### Records provided:
--
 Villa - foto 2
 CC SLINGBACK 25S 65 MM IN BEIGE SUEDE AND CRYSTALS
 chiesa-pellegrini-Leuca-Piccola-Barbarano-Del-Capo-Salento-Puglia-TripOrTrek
--
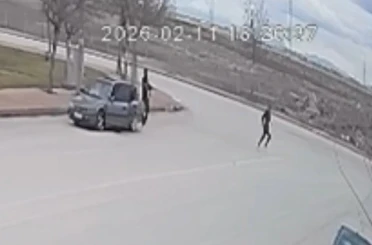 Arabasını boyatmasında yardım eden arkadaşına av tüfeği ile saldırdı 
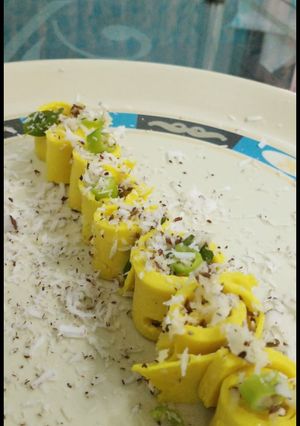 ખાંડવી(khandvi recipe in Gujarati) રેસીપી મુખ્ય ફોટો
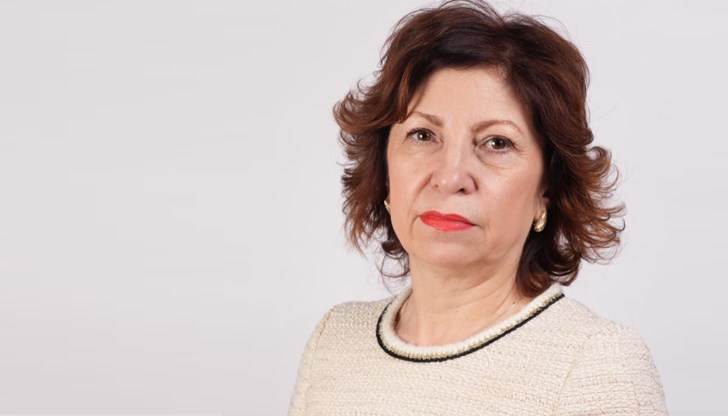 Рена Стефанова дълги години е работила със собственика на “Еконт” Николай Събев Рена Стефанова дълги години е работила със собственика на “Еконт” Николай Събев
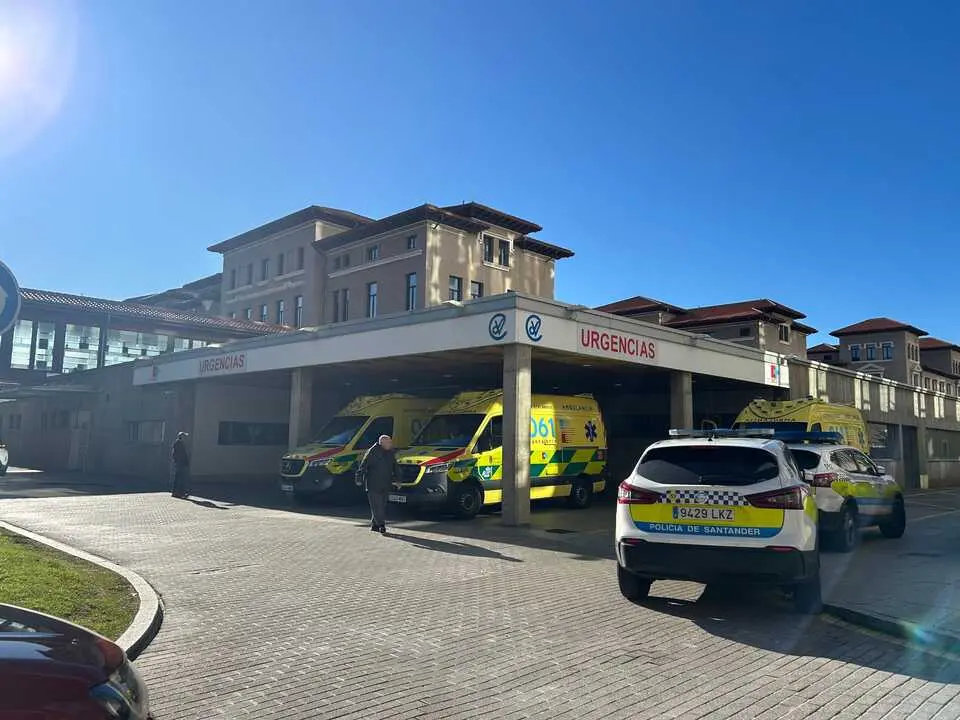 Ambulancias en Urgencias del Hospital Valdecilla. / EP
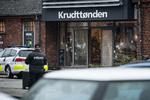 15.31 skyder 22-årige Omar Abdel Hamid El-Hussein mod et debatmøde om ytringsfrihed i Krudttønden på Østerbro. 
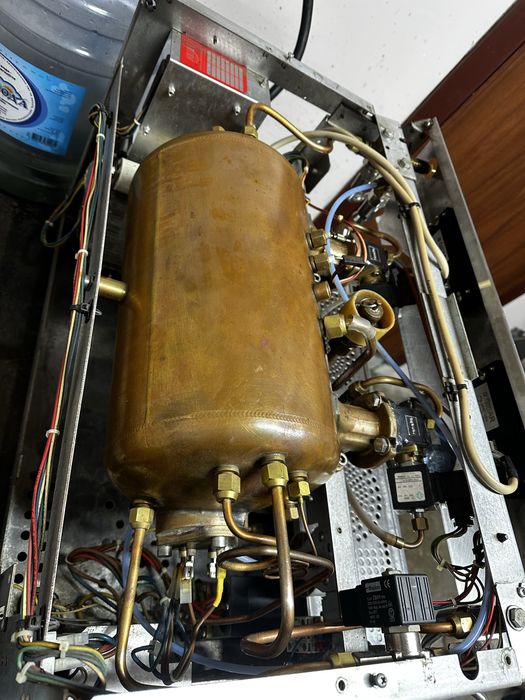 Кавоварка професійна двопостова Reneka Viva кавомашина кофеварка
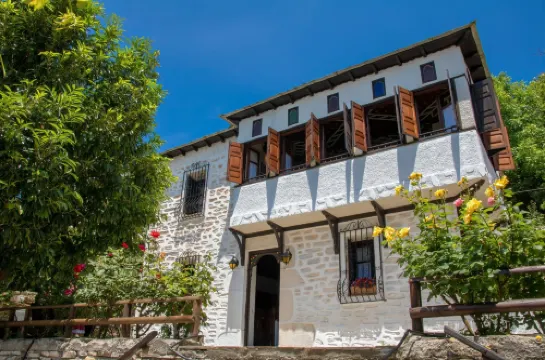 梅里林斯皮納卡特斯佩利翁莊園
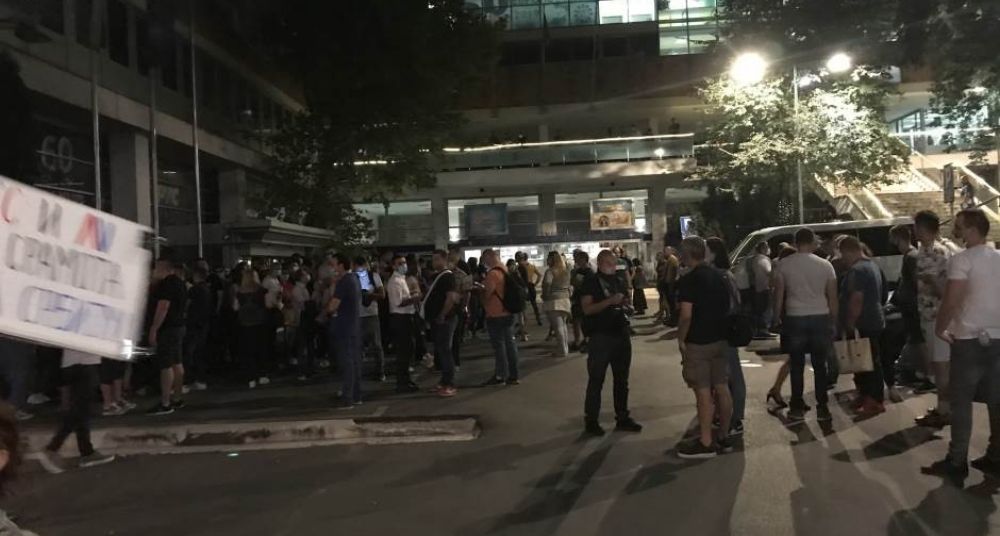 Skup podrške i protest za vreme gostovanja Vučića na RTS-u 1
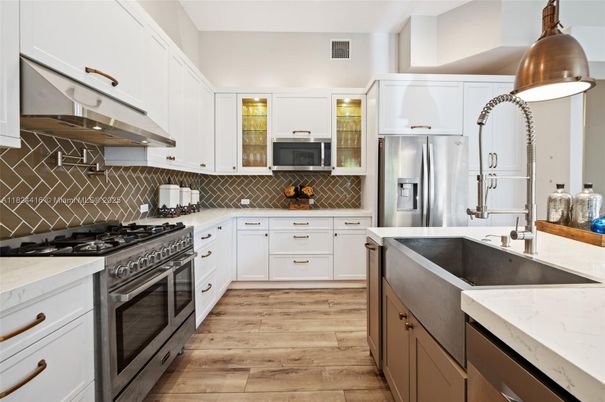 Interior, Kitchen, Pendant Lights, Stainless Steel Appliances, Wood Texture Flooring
--
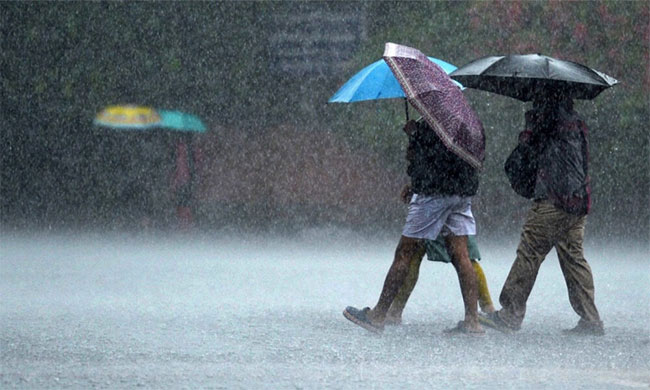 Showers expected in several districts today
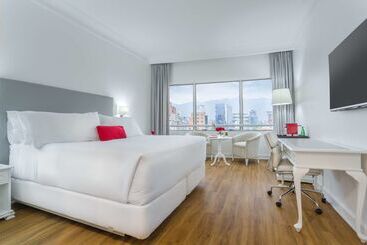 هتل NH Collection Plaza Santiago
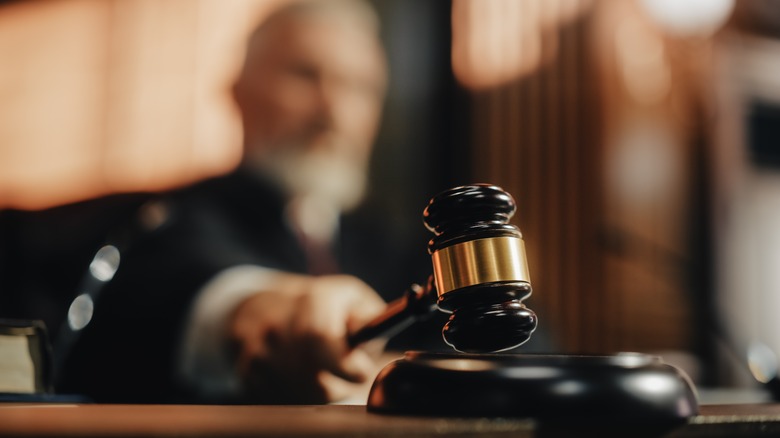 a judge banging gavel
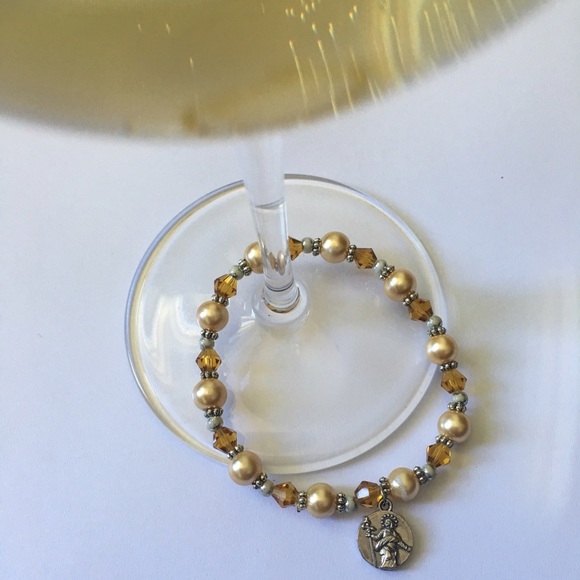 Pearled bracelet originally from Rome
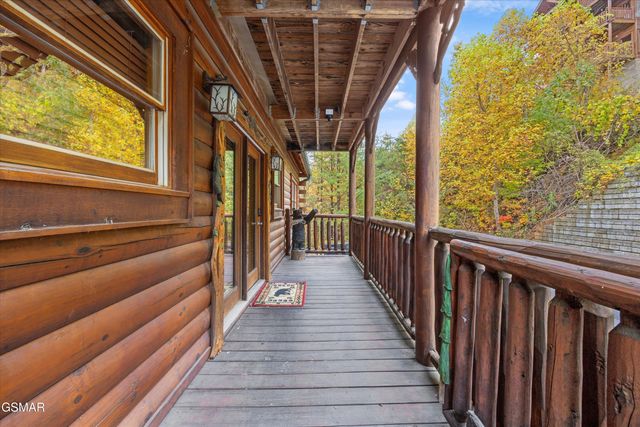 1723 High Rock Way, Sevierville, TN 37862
--
### Your objective:
Only the lines starting at the one with "梅里林斯皮納卡特斯佩利翁莊園" and ending at the one with "Interior, Kitchen, Pendant" should be printed, each exactly as it appears in the material above; the pictures are to be omitted.

### Solved problem:
 梅里林斯皮納卡特斯佩利翁莊園
 Skup podrške i protest za vreme gostovanja Vučića na RTS-u 1
 Interior, Kitchen, Pendant Lights, Stainless Steel Appliances, Wood Texture Flooring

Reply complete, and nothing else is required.